Reproduce the lines below exactly, from the one containing "Christian Louboutin Simple" through the one containing "Image showing Injection, plastic", both included. Leave out any pictures.
*** Opening of Material to process ***
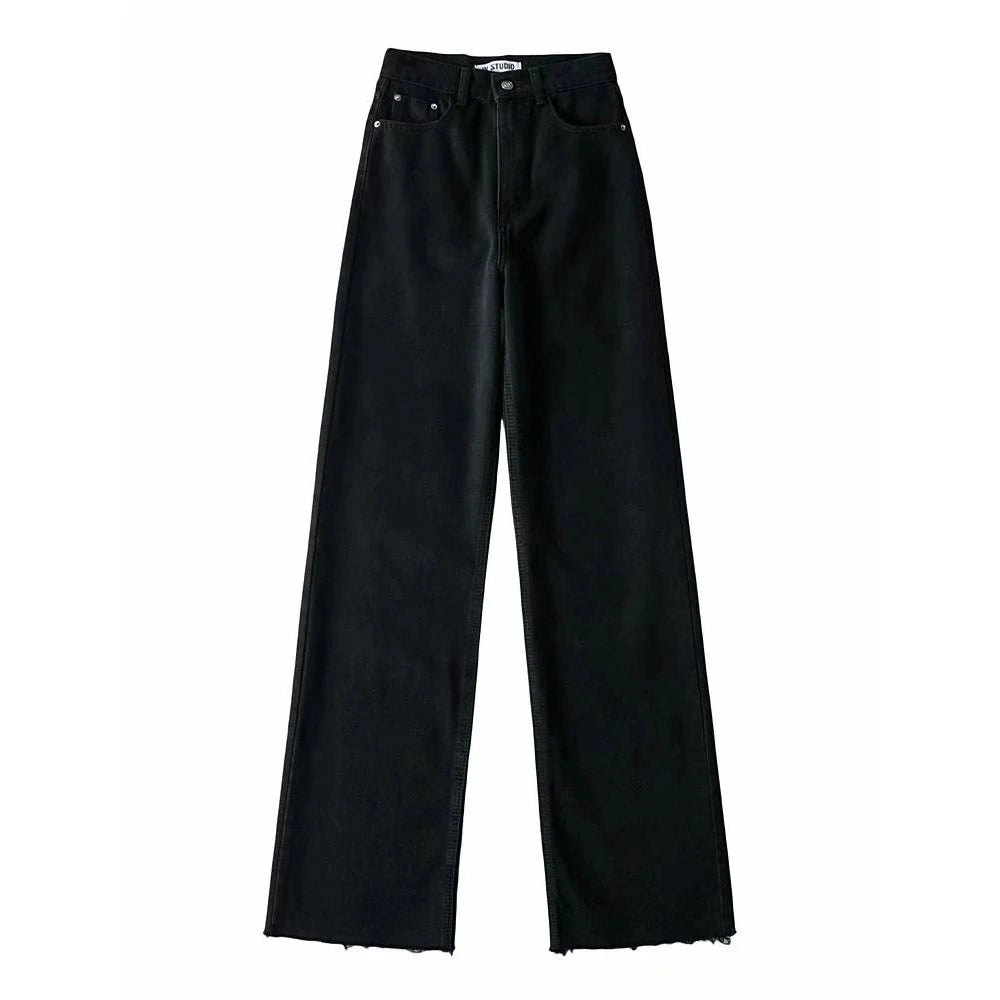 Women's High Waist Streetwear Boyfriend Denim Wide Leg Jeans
*** Close of Material to process ***
*** Opening of Material to process ***
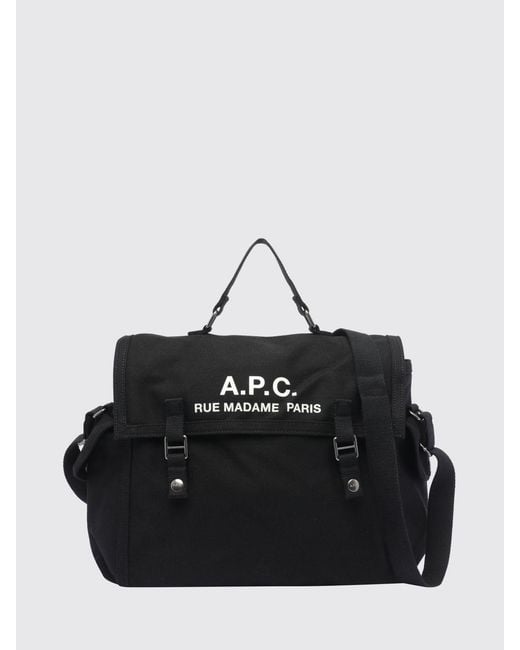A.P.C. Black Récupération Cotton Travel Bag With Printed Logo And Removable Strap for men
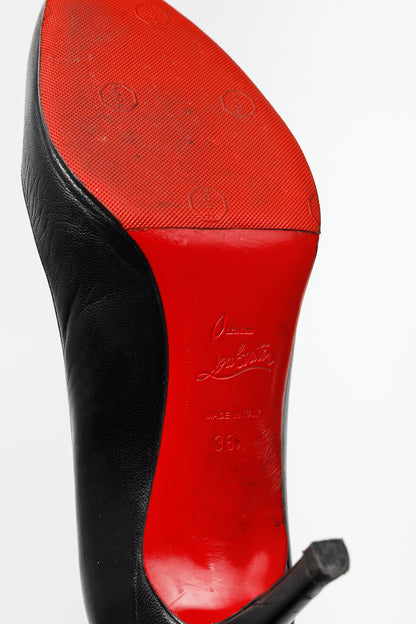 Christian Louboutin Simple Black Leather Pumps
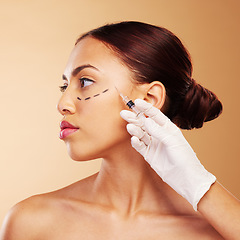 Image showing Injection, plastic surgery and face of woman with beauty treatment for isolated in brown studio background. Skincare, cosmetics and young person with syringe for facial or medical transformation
*** Close of Material to process ***
**Answer space**.
 Christian Louboutin Simple Black Leather Pumps
 Image showing Injection, plastic surgery and face of woman with beauty treatment for isolated in brown studio background. Skincare, cosmetics and young person with syringe for facial or medical transformation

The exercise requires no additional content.